- [TASK]:
In the records below, find the line holding "Double click on" and the line holding "So this is automatically". Set down both, with every line between them, exactly.

- [Saved data entries]:
◆ ◆ ◆

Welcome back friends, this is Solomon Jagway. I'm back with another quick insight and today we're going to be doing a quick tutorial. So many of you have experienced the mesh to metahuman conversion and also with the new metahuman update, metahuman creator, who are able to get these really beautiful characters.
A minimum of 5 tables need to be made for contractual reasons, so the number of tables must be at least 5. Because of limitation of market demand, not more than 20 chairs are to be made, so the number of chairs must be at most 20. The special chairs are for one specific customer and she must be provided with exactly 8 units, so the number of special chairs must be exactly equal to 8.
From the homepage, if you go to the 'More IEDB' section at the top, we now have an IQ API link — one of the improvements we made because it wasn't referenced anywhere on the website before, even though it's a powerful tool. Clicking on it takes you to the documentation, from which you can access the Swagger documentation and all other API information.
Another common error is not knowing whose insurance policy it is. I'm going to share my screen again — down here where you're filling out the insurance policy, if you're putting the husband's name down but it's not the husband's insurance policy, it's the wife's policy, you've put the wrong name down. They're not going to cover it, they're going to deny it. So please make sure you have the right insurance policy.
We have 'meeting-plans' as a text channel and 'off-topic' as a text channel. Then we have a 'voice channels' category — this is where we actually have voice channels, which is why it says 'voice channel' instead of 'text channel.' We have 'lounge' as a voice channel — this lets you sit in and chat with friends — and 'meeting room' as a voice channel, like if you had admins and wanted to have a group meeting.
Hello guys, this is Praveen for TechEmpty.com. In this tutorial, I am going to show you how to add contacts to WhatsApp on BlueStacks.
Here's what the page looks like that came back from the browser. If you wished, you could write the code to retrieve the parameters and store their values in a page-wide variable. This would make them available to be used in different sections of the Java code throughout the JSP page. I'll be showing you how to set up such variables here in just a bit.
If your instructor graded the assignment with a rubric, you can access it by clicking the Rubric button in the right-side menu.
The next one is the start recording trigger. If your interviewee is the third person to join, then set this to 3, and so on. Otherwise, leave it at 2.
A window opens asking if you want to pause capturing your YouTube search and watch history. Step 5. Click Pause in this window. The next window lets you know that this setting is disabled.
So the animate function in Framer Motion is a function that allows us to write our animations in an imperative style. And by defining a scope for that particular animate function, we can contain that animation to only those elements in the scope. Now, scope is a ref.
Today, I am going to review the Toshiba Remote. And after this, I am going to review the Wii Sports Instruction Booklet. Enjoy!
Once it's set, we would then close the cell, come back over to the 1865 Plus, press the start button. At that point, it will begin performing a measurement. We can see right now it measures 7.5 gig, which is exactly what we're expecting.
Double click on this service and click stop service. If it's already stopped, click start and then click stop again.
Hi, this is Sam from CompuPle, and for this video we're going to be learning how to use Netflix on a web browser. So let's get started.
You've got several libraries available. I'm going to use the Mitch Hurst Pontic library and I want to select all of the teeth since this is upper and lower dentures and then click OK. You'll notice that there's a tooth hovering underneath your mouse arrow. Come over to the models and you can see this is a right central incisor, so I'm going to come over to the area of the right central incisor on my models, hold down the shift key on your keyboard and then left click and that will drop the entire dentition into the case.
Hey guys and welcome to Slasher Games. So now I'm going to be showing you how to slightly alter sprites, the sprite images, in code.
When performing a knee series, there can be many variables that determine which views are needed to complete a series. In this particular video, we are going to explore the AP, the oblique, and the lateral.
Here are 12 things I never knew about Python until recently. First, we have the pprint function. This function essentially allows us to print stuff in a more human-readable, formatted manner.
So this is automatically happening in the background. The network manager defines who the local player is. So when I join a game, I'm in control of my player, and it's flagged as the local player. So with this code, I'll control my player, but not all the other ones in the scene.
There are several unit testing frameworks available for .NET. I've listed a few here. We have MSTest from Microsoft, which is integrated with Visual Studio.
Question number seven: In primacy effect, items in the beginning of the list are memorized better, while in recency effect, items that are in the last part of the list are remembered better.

◆ ◆ ◆

- [OUTPUT OF THE EXERCISE]:
Double click on this service and click stop service. If it's already stopped, click start and then click stop again.
Hi, this is Sam from CompuPle, and for this video we're going to be learning how to use Netflix on a web browser. So let's get started.
You've got several libraries available. I'm going to use the Mitch Hurst Pontic library and I want to select all of the teeth since this is upper and lower dentures and then click OK. You'll notice that there's a tooth hovering underneath your mouse arrow. Come over to the models and you can see this is a right central incisor, so I'm going to come over to the area of the right central incisor on my models, hold down the shift key on your keyboard and then left click and that will drop the entire dentition into the case.
Hey guys and welcome to Slasher Games. So now I'm going to be showing you how to slightly alter sprites, the sprite images, in code.
When performing a knee series, there can be many variables that determine which views are needed to complete a series. In this particular video, we are going to explore the AP, the oblique, and the lateral.
Here are 12 things I never knew about Python until recently. First, we have the pprint function. This function essentially allows us to print stuff in a more human-readable, formatted manner.
So this is automatically happening in the background. The network manager defines who the local player is. So when I join a game, I'm in control of my player, and it's flagged as the local player. So with this code, I'll control my player, but not all the other ones in the scene.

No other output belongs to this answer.